The willing to do it is what I'm talking about. A few years ago the coyote bounty went up. And the amount of coyote kill went up. If we could do the same reward for other preditors maybe it would spark some interest in killing them. The clubs that I hunt have at least one group a week on the that are going after the preditors. And the pheasants are doing very well there. Also in the Howell valley the preditors are hunted a ton as a result we have seen a giant increase for chuckers that have escaped from the clubs and have thrived. I am not disagreeing with you but I think a increase in preditor control would be our best bang for the buck. Once that is doing better then you could go after habitat.

Also I don't hunt public areas very often but I am not afraid to knock on doors and ask for permission. I have always found nice people to let me hunt their lands. A ring neck dinner has help me secure hunting areas for a long time


----------



## #1DEER 1-I (Sep 10, 2007)

Hoopermat said:


> The willing to do it is what I'm talking about. A few years ago the coyote bounty went up. And the amount of coyote kill went up. If we could do the same reward for other preditors maybe it would spark some interest in killing them. The clubs that I hunt have at least one group a week on the that are going after the preditors. And the pheasants are doing very well there. Also in the Howell valley the preditors are hunted a ton as a result we have seen a giant increase for chuckers that have escaped from the clubs and have thrived. I am not disagreeing with you but I think a increase in preditor control would be our best bang for the buck. Once that is doing better then you could go after habitat.
> 
> Also I don't hunt public areas very often but I am not afraid to knock on doors and ask for permission. I have always found nice people to let me hunt their lands.
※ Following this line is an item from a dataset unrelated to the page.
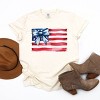 Simply Sage Market USA Flag Coquette Garment Dyed Tee - 3 of 4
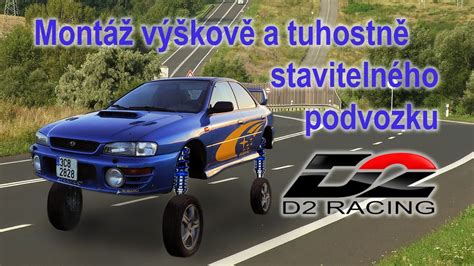 Schéma nastavení výškově a tuhostně stavitelného podvozku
A ring neck dinner has help me secure hunting areas for a long time


You can always do something about predators, you can't do anything about habitat once it is lost, you don't put predators first.


----------



## #1DEER 1-I (Sep 10, 2007)

This article is about Iowa but it is spot on to what I have felt with pheasants over the last decade. http://www.fieldandstream.com/artic...lent-fields-where-have-all-the-pheasants-gone

Here's a quote from it "The best way to kill pheasants? Combine brutal ag practices and policy with a few harsh winters, and you'll never need a shotgun or bird dog again"


----------



## Hoopermat (Dec 17, 2010)

#1DEER 1-I said:


> You can always do something about predators, you can't do anything about habitat once it is lost, you don't put predators first.


From what I have seen it's the other way around.


----------



## #1DEER 1-I (Sep 10, 2007)

Hoopermat said:


> From what I have seen it's the other way around.
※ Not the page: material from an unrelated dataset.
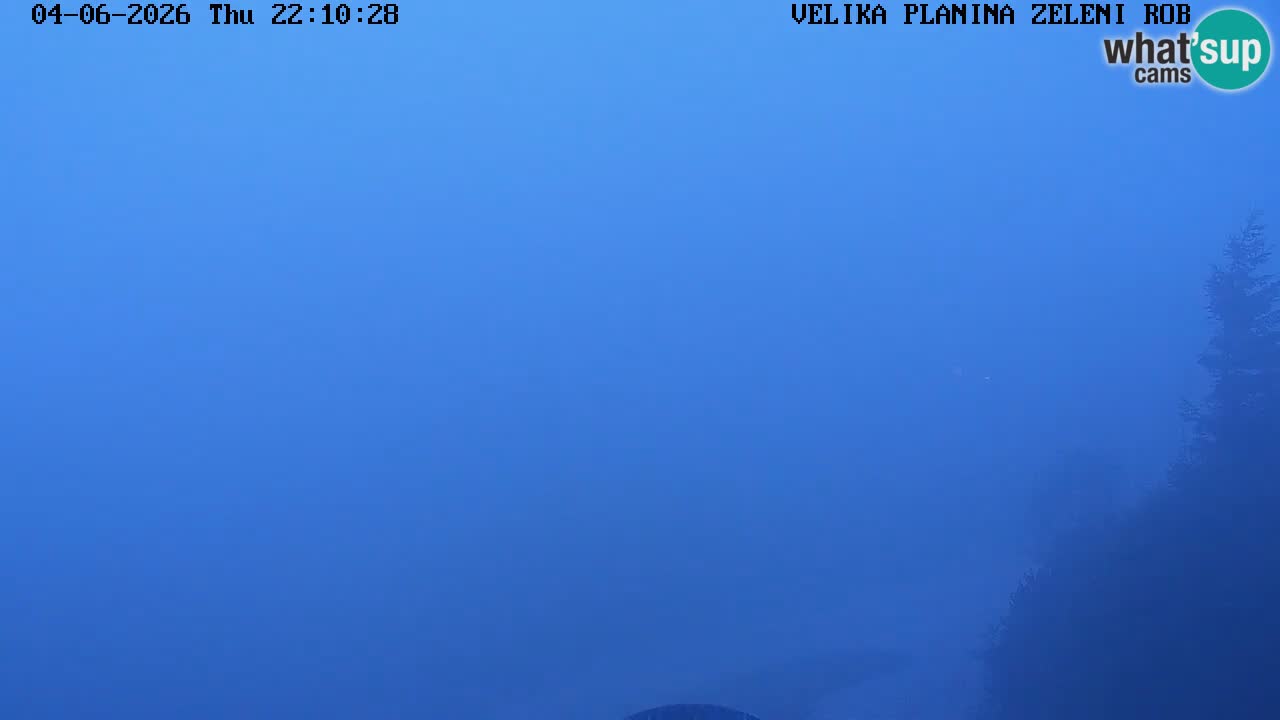 Zeleni Rob | Webcam en vivo Velika Planina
Your perceptions coming from land that is managed for pheasants, this is not the case across the board. Graze all tag grass to less than an inch and see if the pheasants survive even without a predator.


----------



## Hoopermat (Dec 17, 2010)

#1DEER 1-I said:


> Your perceptions coming from land that is managed for pheasants, this is not the case across the board. Graze all tag grass to less than an inch and see if the pheasants survive even without a predator.


Exactly from a place that is managed for pheasants. Predator control on CRP seems to be working


----------



## Mr Muleskinner (Feb 14, 2012)

One problem is this........if a stamp were required, about the only place the money could go and have a chance of any benefit would be towards predator control, not that I agree it would ever work by itself. Most of the huntable lands are either private or federal controlled and by and large it is federal (which I am in favor of by the way). People that are against predator control don't often realize that the hands of the DWR are tied to a great degree. They can get the money from stamps but they do not control the land that the animals utilize. They do not control grazing rights and are not in the business of land management.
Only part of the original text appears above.